Y ahora las dos estaban encerradas en una habitación sucia sin nada para comer o beber.

Era el escenario perfecto para que una matara a la otra.

Y dado que Heidi estaba en desventaja con toda la plata rodeándola, parecía que Elize saldría victoriosa.

Rápidamente apartó esos pensamientos.

Si iban a sobrevivir, tenían que trabajar juntas.

Todo lo demás podría resolverse una vez que escaparan, pensó.

—¿Estás herida?

—preguntó Elize, lanzándole una mirada furtiva.

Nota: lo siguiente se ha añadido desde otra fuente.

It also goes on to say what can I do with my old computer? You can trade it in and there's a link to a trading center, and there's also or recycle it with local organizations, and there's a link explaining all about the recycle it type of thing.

—Bueno, ambas piernas están rotas, y no están sanando por culpa de estas —respondió Heidi, asintiendo hacia las cadenas.

—Lo siento —dijo Elize, sintiendo pena por la chica.

Al menos ella estaba libre de tales restricciones.

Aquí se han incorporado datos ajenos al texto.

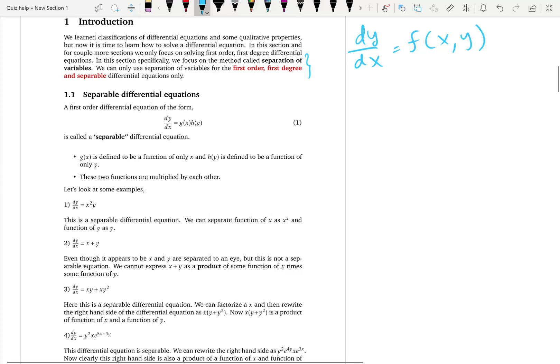Not only can we only solve first-order differential equations by the separation of variables method, but they also have to be separable differential equations. The idea of separation of variables is: if you have dy/dx = xy, you want to take all the dependent variables to the left-hand side and the independent variables to the right-hand side — you want to isolate them. That is why we call it separation of variables.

Se preguntó si debería ofrecerse a quitarle las cadenas a la chica.

Pero su respuesta le cambió instantáneamente de opinión.

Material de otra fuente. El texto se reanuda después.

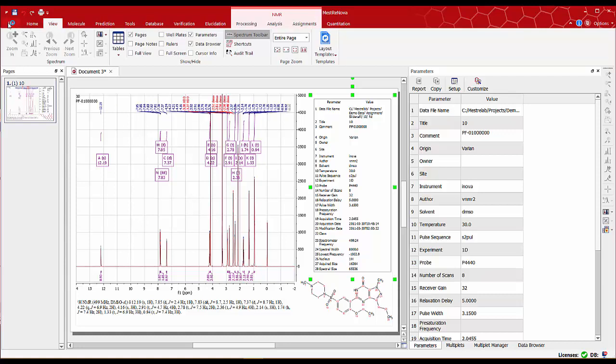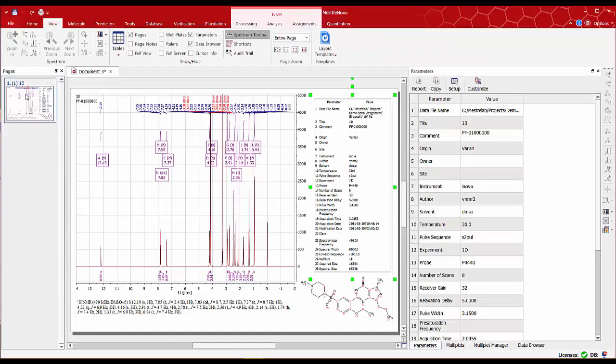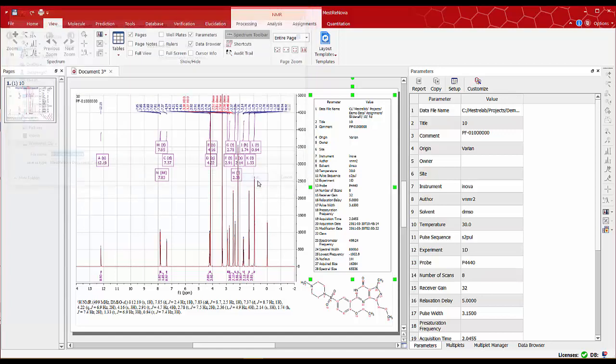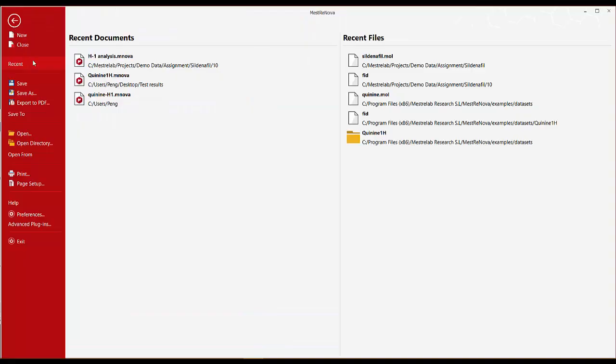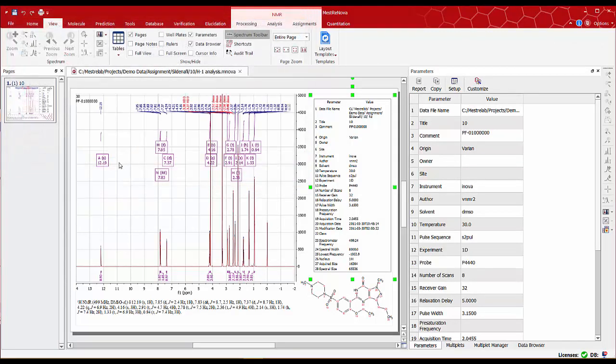Once you are satisfied with the data go to file save, save it as an MNOVA document, or you can also go to file export to make a PDF. Hope you found this useful. See you next time.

—Deberías estarlo —escupió Heidi—.

Vinieron por ti.

Yo solo quedé atrapada en medio por culpa de ese imbécil de Li Jun.

—Bueno, deberías haber mantenido la boca cerrada —murmuró Elize entre dientes, mirando hacia otro lado.

—¿Qué?

—Nada.

—Elize se encogió de hombros, fingiendo inocencia.

—Te escuché —dijo Heidi, entrecerrando los ojos hacia ella.

—¿Entonces por qué preguntaste?

—preguntó Elize, dándole una sonrisa falsa.

Por alguna razón, le daba un inmenso placer ver a Heidi en esa posición.

Sabía que si no fuera por las circunstancias, la pequeña ya se habría lanzado contra ella.

La plata resultaba útil cuando era necesario.

Aunque no la mataría, el metal debilitaría sus habilidades hasta que ni siquiera podría curarse por sí misma.

Había enormes círculos oscuros bajo los ojos de la chica.

«Debe estar sintiendo mucho dolor ahora mismo», pensó Elize, sintiéndose un poco culpable.

—Tch.

Eres una perra —dijo Heidi, apretando los dientes.

—Lo mismo digo —respondió Elize encogiéndose de hombros.

Mirando atentamente a la chica, preguntó:
— En realidad, no entiendo.

¿Cuál es tu problema conmigo?

No recuerdo haberte hecho nada malo.

—Tu existencia es mi problema —murmuró Heidi entre dientes.

—Bueno, tu lengua es tu problema —dijo Elize con un resoplido.

Justo cuando terminaba su comentario, escuchó el clic de una cerradura desde el lado opuesto de la habitación.

Los ojos de Heidi se ensancharon con miedo.

Elize se llevó el dedo a la boca, silenciándola.

Se levantó sin hacer ningún ruido mientras la puerta se abría con un chirrido.

Esta era su oportunidad.

Tenía que actuar lo más rápido posible para sorprender al enemigo.

Esa era su única ventaja.

Elize se pegó a la pared, haciéndose tan invisible como fuera posible.

Tan pronto como una figura entró en la habitación, saltó sobre ella.

Pero eso no fue suficiente.

Estaba demasiado débil en ese momento.

Unas manos fuertes agarraron ambas manos de ella, apretándolas juntas, haciéndola gritar de dolor.

Escuchó a su agresor reírse.

—Sabía que eras una fierecilla —dijo Li Jun, inclinándose cerca de su cara.

—¡Eres tú!

—exclamó ella, mirando al subordinado del Alfa Li con irritación.

Elize luchó, agitando sus piernas y manos, tratando de liberarse de su agarre.

Li Jun se rió.

—Te has vuelto mucho más atractiva.

Me pregunto a qué sabrás —susurró, acercándose a su cuello.